*** Information provided ***
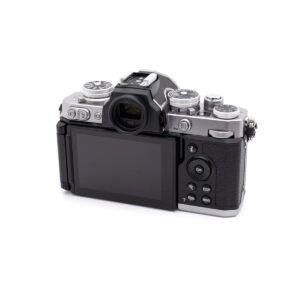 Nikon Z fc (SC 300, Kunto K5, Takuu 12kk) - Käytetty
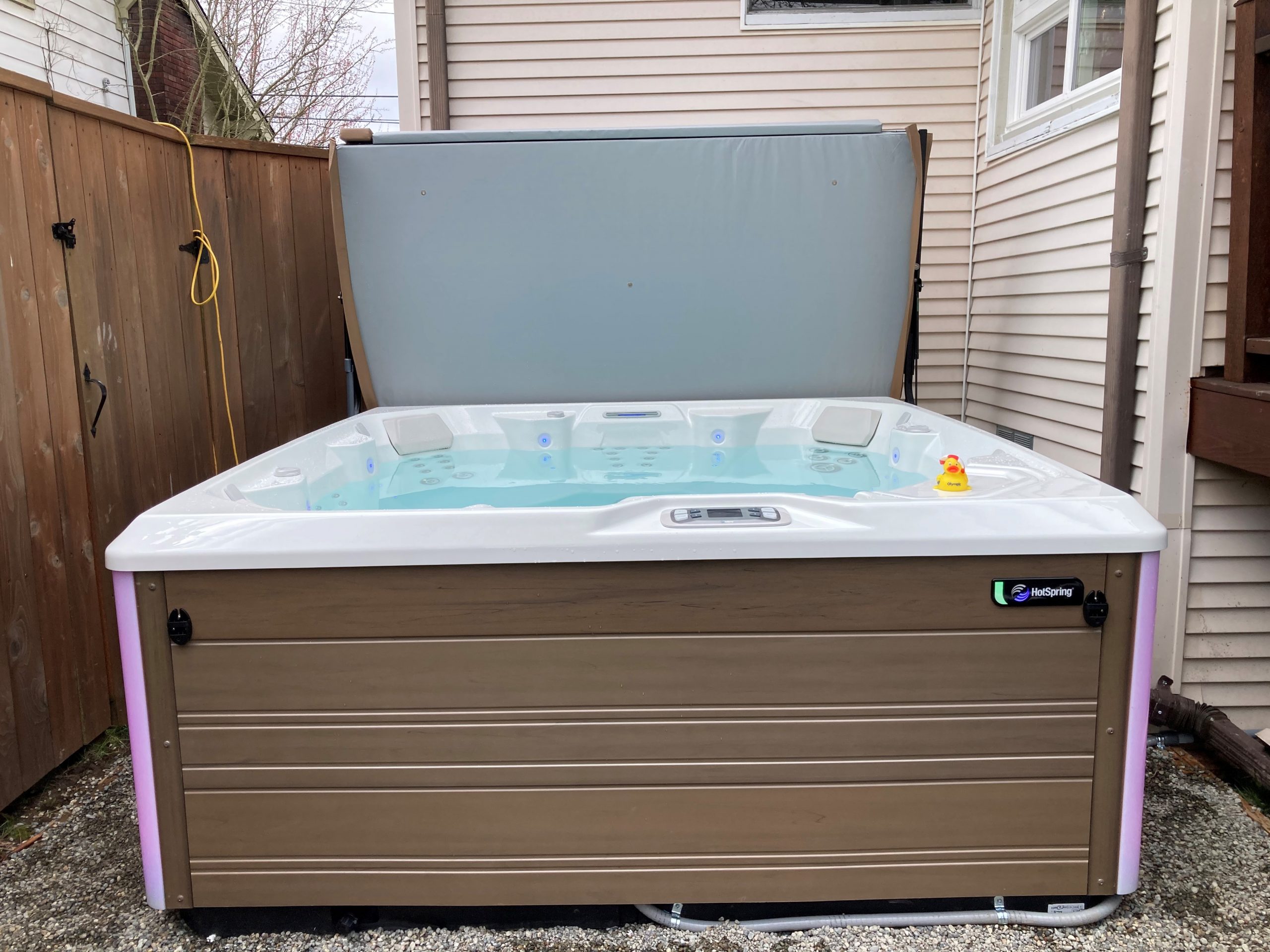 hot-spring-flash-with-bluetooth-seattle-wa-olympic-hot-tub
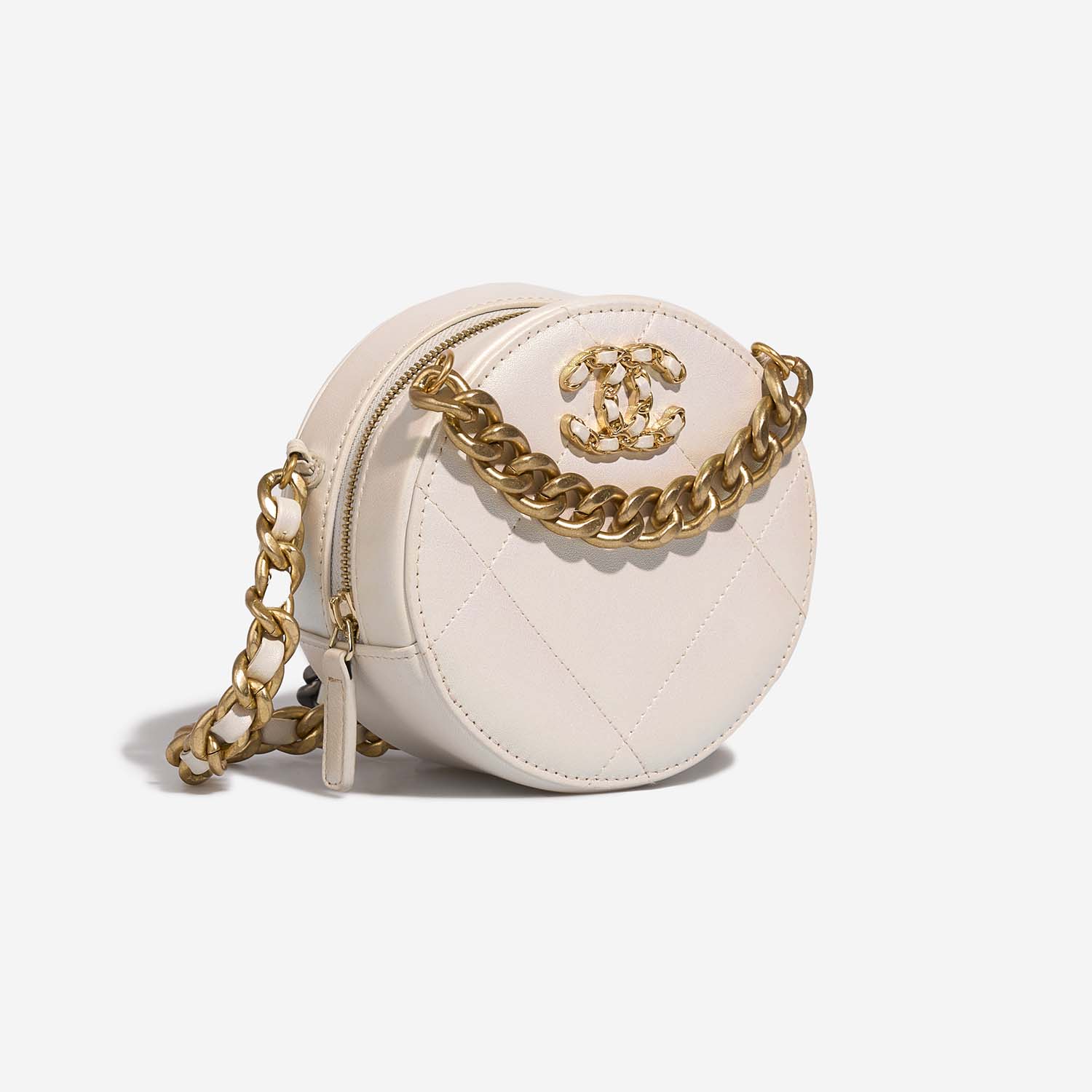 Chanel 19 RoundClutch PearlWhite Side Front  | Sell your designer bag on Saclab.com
*** End of Information provided ***
If a line holds a picture, skip the picture and transcribe the rest of the material exactly.

▶ [Exercise solution]:
 Nikon Z fc (SC 300, Kunto K5, Takuu 12kk) - Käytetty
 hot-spring-flash-with-bluetooth-seattle-wa-olympic-hot-tub
 Chanel 19 RoundClutch PearlWhite Side Front  | Sell your designer bag on Saclab.com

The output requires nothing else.